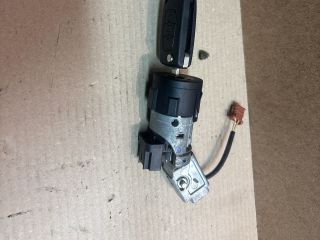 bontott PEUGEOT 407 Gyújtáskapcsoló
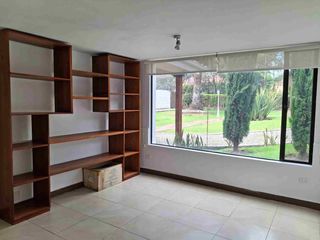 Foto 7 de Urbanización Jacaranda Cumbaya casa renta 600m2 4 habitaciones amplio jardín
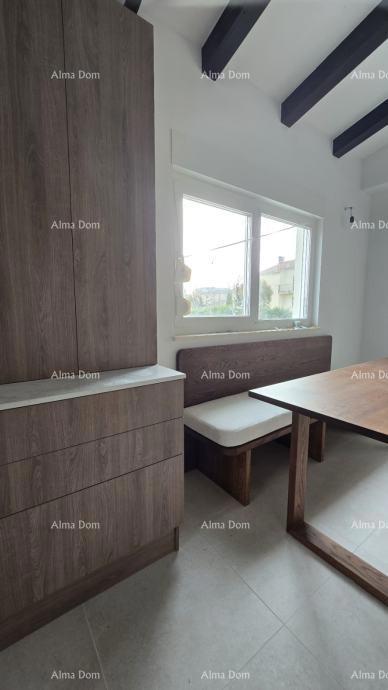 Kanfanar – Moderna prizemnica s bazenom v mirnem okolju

---

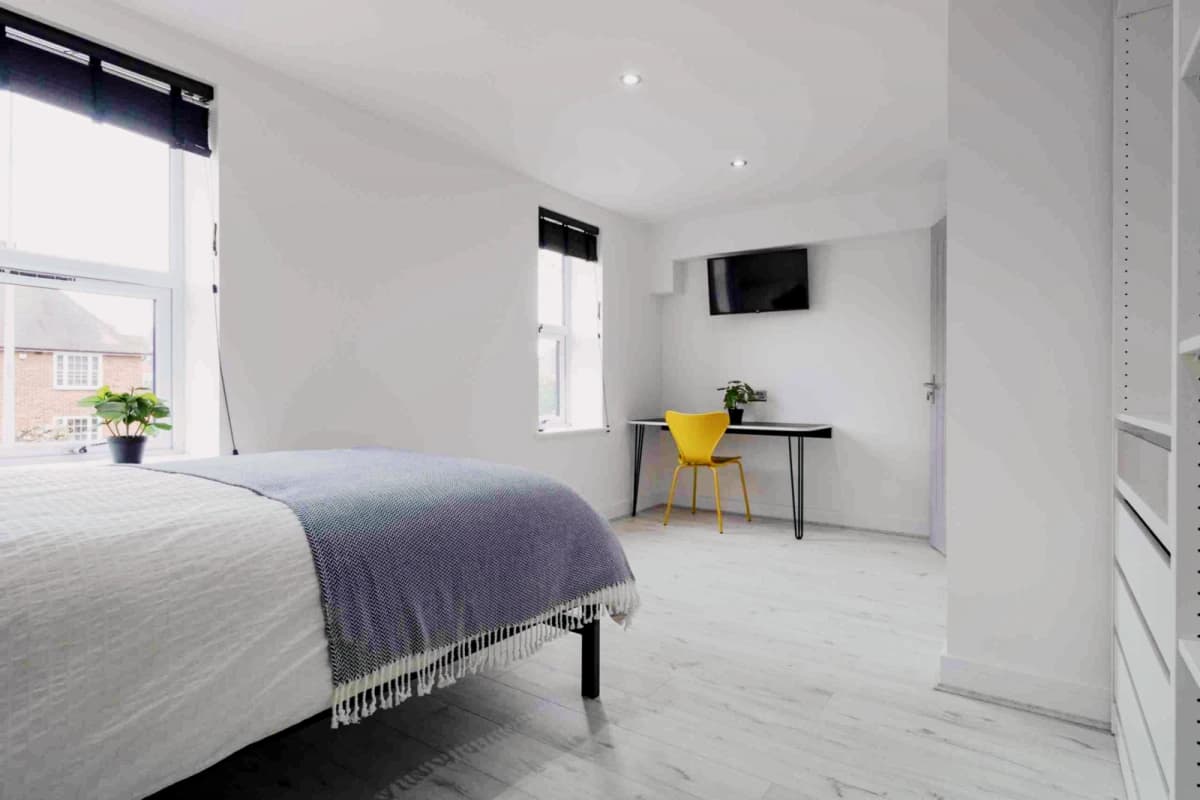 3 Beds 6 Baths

...

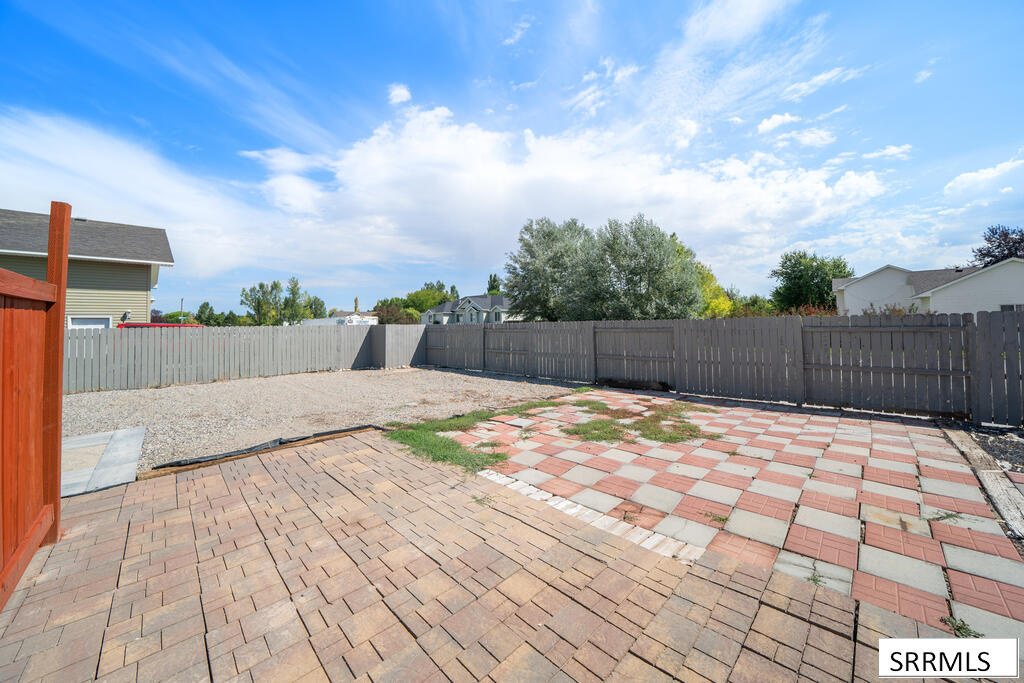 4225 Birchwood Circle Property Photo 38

● Problem
Using the entries above, reproduce word for word only the lines from the one that contains "bontott PEUGEOT 407 Gyújtáskapcsoló" to the one that contains "Kanfanar – Moderna", both ends included, and drop every picture.

● Task solution
 bontott PEUGEOT 407 Gyújtáskapcsoló
 Foto 7 de Urbanización Jacaranda Cumbaya casa renta 600m2 4 habitaciones amplio jardín
 Kanfanar – Moderna prizemnica s bazenom v mirnem okolju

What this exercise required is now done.